El Alcázar y los años de la renovación

Fue cafetería y marisquería. Su dueño, Valentín Tijeras, abordó una gran reforma en los años setenta

Eduardo D. Vicente
15:00 • 24 mar. 2017

El Alcázar miraba a la ciudad desde una esquina privilegiada. Gozaba a la vez del prestigio que otorgaba la cercanía con la Puerta de Purchena y del bullicio del Paseo. Su ubicación convirtió el negocio en un lugar de referencia en una época en la que todo sucedía alrededor del Paseo. 

A pesar de la solera del establecimiento, también pasó por tiempos complicados y necesitó adaptarse  a una nueva época cuando a mediados de los años setenta las revoluciones sociales empezaron a transformar también las formas de ocio y las exigencias de la gente. 

Se podría decir que el Alcázar fue uno de los cafés del Paseo que mejor supieron adaptarse a ese cambio de época. Sobrevivió a la posguerra, cuando el que entonces era su propietario, don Miguel Granados, mandaba a los camareros a llevar los desayunos a las casas de las familias pudientes de la ciudad y sobrevivió a las grandes transformaciones que fueron llegando en los años de la Transición. En aquella época ya lo regentaba Valentín Tijeras, que cansado de ser camarero se embarcó en la aventura de quedarse con el bar.

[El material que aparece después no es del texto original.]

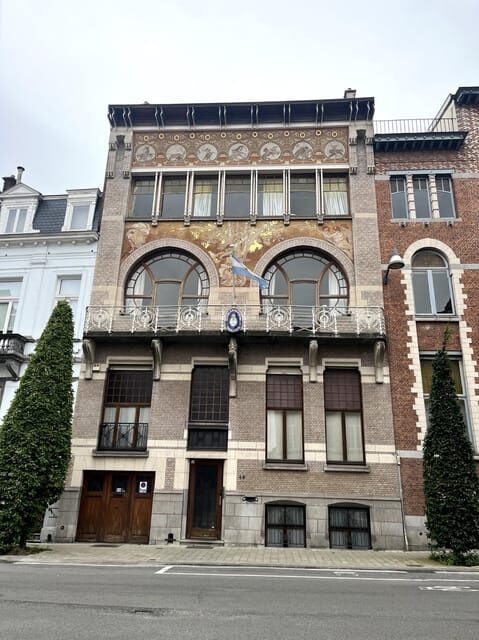 Brussels: 2-hours "Art Nouveau" Walking Tour - Hôtel Ciamberlani asbl: the 15-minute stop that rounds out the picture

En 1972 amplió el negocio sumándole a la cafetería de toda la vida, una sala de tapas y una marisquería que puso en la calle Tenor Iribarne. Los dos negocios estaban comunicados por el interior, pero los clientes tenían que acceder  por puertas distintas. A la cafetería se entraba por el Paseo y a la marisquería por Tenor Iribarne.

Eran años de prosperidad, en los que contó con la colaboración de su esposa, Emilia García Torres, una mujer que entendía el Alcázar como parte de su vida, porque se había criado en el bar, donde su madre estuvo empleada como cocinera.

A Valentín Tijeras, que era un hombre de iniciativas, le gustaba escrutar el mercado para buscar nuevos productos, detalles con los que poder ser diferente y sorprender a su clientela. A mediados de los años setenta vio en un catálogo de hostelería una máquina que servía para hacer los bocadillos de perritos calientes y no dudó en colocar el artefacto junto a la puerta principal del establecimiento. La máquina era muy simple: un calentador eléctrico con una plataforma sobre la que se elevaban varios moldes de hierro en donde se introducían los bollos de pan para que se calentaran y una bandeja donde la salchichas cogían la temperatura idónea antes de ser introducidas dentro del pan. La idea fue un  éxito rotundo y no hubo casi nadie en Almería que no disfrutara de la moda de los perritos calientes aliñados con tomate frito y mostaza. 

Los fines de semana, cuando los soldados bajaban desde el campamento de Viator, se llegaban a formar largas colas delante de la máquina de las salchichas. En las tardes de los días de diario era habitual encontrarse delante del puesto con un grupo de niñas del colegio del Milagro, que cuando salían de la escuela merendaban su bocadillo de salchichas.
Los bocadillos fueron un gran negocio en la década de los setenta. Uno de los camareros que trabajó con la máquina de los perritos calientes, Antonio Rodríguez Zamora, recuerda la locura de las madrugadas de Feria, cuando los jóvenes se quitaban el hambre en la misma acera, y aquellas noches de Reyes en las que pasaban por el Alcázar casi todos los dependientes de los comercios cuando era costumbre que las tiendas estuvieran abiertas hasta las doce de la noche. 
La cafetería Alcázar se hizo célebre también por sus churros. Elaboraban las ruedas clásicas que eran muy demandadas por las familias para desayunar en una época en la que el colesterol sonaba a chino, y los tallos partidos. que tenían mucho éxito en los desayunos de la barra. En los meses de verano el establecimiento ofrecía un amplio surtido de los mejores helados de la marca Adolfo y un invento de la casa que también gozó de una buena acogida entre la clientela, una máquina de helados exprés que fue una pequeña revolución en el mercado con sus sabores de vainilla y chocolate.

Contaba además con los mejores pasteles recién sacados del obrador de la Dulce Alianza y un extenso surtido de platos combinados que era un manjar para los turistas, acostumbrados a las comidas rápidas. El Alcázar fue también una universidad de jóvenes camareros que aprendieron tras su barra todos los secretos del oficio.